July 10, 2013
NASA Announces 2020 Mars Rover – The Daily Orbit
Curious about what happens after Curiosity?
Is a lunar park just plain looney?
A little choral heart communication.
And getting your zzzz’s for love on the Daily Orbit!
Hello and welcome to the Daily Orbit. I’m Emerald Robinson.
What comes after Curiosity? Another rover of course. NASA released its plans for a new rover mission to the Red Planet in 2020. The rover will look for signs of past life, collect samples to potentially return to Earth, and demonstrate technology for future human exploration on Mars. The rover will have the ability to look at Martian rocks microscopically for signs of the past, instead of what Curiosity is doing up there—grinding up samples and analyzing their makeup. Also, the new rover aims to bring samples back to Earth. These samples will help mission designers understand the hazards of a manned mission to Mars and plan accordingly. Right now all of this is just on paper—154 papers that is. But it will be fun to watch the words leap off the page and right to Mars in 2020.
And talk about a leap! Tired of family vacations to national parks—hiking and camping and singing kumbaya? Well, here’s a proposed national park that is out of this world! A couple of lawmakers are seeking to establish a national park on—get this—the moon! Are they lunar or just looney?
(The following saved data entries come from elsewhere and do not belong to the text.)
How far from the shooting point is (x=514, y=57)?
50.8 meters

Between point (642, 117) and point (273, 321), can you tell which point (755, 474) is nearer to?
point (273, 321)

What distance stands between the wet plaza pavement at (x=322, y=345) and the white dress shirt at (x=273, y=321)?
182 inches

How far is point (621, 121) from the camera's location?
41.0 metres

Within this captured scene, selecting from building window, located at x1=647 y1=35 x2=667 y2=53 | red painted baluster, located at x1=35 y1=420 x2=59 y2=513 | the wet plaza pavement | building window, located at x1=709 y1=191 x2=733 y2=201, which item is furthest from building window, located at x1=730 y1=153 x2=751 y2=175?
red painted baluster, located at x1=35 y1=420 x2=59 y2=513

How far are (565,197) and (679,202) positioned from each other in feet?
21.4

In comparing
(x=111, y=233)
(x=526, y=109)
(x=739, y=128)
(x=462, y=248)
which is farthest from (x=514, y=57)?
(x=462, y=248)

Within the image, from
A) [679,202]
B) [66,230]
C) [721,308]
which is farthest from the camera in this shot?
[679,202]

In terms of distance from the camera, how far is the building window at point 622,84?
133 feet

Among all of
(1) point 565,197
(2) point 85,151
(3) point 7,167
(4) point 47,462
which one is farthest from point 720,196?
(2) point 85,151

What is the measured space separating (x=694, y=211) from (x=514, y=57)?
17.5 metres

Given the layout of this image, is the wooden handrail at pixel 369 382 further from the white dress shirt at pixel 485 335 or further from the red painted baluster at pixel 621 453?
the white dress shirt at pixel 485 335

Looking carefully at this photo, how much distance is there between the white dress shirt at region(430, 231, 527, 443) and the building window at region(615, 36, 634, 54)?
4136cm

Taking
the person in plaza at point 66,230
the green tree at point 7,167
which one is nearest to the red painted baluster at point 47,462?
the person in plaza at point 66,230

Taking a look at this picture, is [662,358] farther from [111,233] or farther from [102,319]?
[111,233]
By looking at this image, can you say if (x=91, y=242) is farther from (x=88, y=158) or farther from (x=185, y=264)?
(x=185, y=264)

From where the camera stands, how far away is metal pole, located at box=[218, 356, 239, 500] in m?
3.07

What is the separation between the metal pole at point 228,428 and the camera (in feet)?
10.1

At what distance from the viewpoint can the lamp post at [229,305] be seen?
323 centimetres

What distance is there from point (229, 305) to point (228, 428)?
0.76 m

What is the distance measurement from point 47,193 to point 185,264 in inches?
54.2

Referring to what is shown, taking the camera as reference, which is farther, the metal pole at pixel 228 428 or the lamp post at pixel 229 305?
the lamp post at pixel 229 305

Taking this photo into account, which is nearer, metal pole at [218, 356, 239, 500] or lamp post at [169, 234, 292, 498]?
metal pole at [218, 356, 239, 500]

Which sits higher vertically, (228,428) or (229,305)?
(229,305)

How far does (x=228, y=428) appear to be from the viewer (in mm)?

Calling it the Apollo Lunar Landing Legacy Act, the national park status would preserve and protect artifacts remaining on the moon from the Apollo missions from being harmed during commercial or government missions to the moon—including the footprints of the astronauts. But the Act is questionable as it potentially conflicts with the 1967 Outer Space Treaty signed by 100 countries, which bars any claim of national sovereignty on lunar territory. What would they name it? I suggest Neil Armstrong National Park.
“And let the choir sing!” Love me some Madonna. But did you know that when the choir sings, not only do they sing in unison, but their hearts beat as one? Okay that sounds a little mushy but researchers in Sweden reported that when a choir performs well together their hearts beat in unison in time with the music, accelerating and decelerating with the tempo of the music. And the key is in the breath. Researchers found it’s the unified breath that keeps choral members’ heartbeats in rhythm with one another. They also said singing regulates activity in the vagus nerve which is involved in our emotional life and communication with others and which, for example affects our vocal timbre. Song can give us the same control over mental states as yoga practice. Researchers are looking at how song can be medically applicable. “With every beat of my heart…”
[ Off-camera “Shut up!” ] You can’t tell me what to do! [ off camera “I’m sorry ] I don’t care! Sorry, please excuse my boyfriend and me. A new study out of Baylor University says that your partner would rather gain a little more power in a relationship than an apology. Well, love is the ultimate power struggle. After surveying hundreds of married or co-habitating couples, researchers found the most common thing couples wanted from the other in a conflict is to be willing to relinquish power, i.e. giving more independence, admitting fault, showing respect or being willing to compromise. They say “we definitely respond to whether we gain or lose status.”
Maybe these conflicting couples need more sleep! New research says that sleepless nights can turn lovers into fighters. The study showed that sleepless nights led to more frequent and severe conflicts between partners and that partners who slept poorly reported feeling more negatively towards one another during the conflict discussion. Other studies have found that a good night’s sleep promotes positive lifestyle choices like healthy eating and exercise and helps relieve anxiety making you a better significant other.
Well that’s all for the Daily Orbit. Get your sleep and sing with your loved one!